Do outro lado da rua, em frente à sua casa, a escola está em horário de aula. Os professores se perguntam o que acontecerá com os alunos depois que a represa for construída. Alguns caminham por até três ou quatro horas para chegar à escola. Deixam os sapatos de couro preto do uniforme obrigatório nas casas do vilarejo e atravessam de chinelos o rio lamacento até chegar em casa, do outro lado. Muitos dependem da cozinha da escola para fazer as principais refeições do dia. “Eles vão perder tudo, inclusive a oportunidade de receber uma educação formal”, lamentou a diretora da escola, Ophelia Grenald, de 45 anos.

O escritório de divulgação do canal fica tão distante da capital que o funcionário responsável, Esteban Sánchez, tem poucas informações.

As pessoas chegam depois de ouvir falar da represa no rádio. Quando será construída? Para onde a população será transferida? Algumas já estão vendendo suas vacas para se preparar. Muitas querem se candidatar a um emprego na construção. Esteban não as livra da incerteza: “Respondo que estamos apenas na fase de estudos.”

Um problema permanente

Dentro dos escritórios em forma de fortaleza da autoridade do canal na Cidade do Panamá, os responsáveis estão partindo do pressuposto de que a barragem vai ser construída. “Assim, temos mais um elemento em nossa caixa de ferramentas”, disse Vásquez Morales, o administrador do canal.

Ele verifica o aplicativo em seu celular: o Lago Gatún está com 25,4 metros, a profundidade ideal. Olha pela janela e avista nuvens pesadas, presságio promissor.

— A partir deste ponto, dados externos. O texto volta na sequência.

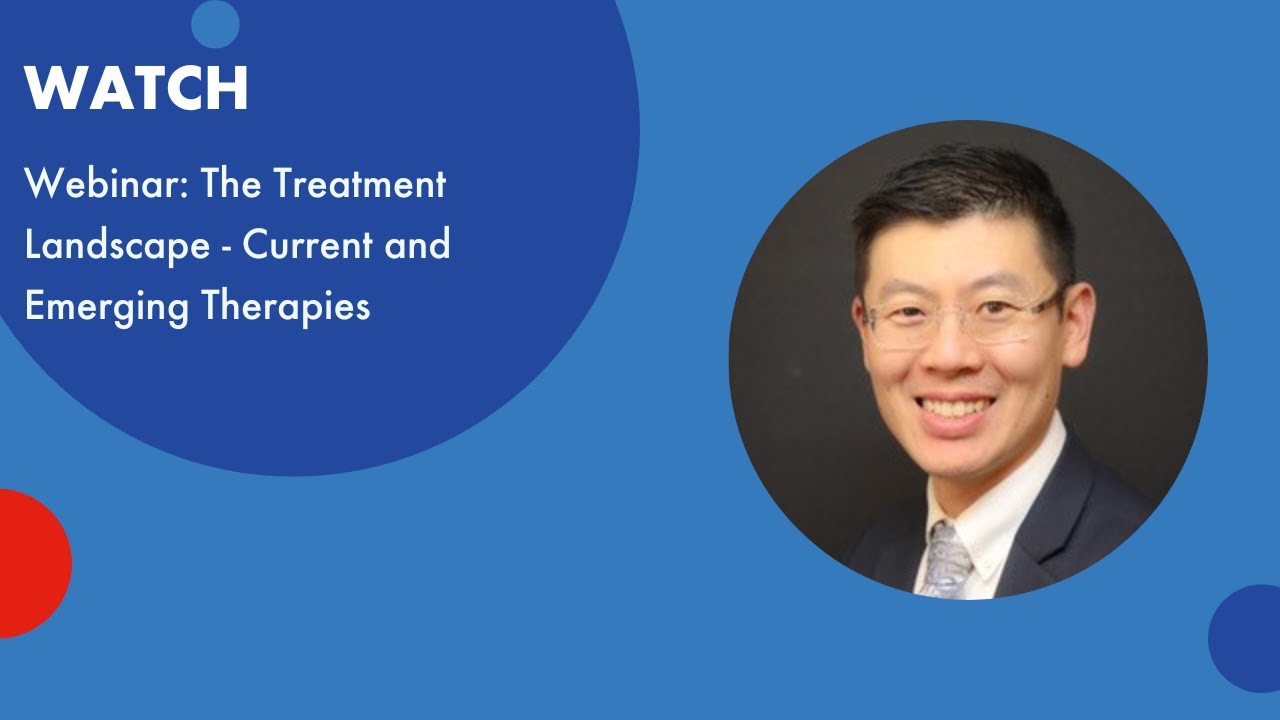 The Treatment Landscape - Current and Emerging Therapies - YouTube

Alguns temem que o fim da sensação de escassez – o fim da estiagem – possa desacelerar o impulso para expandir o abastecimento de água. “A chuva não só lava as ruas, mas também a mente, e acabamos acreditando que o contratempo acabou. Mas o problema da água é permanente”, assegurou Carlos Urriola, presidente da SSA International, que opera terminais de transporte no mundo inteiro, inclusive no Canal do Panamá.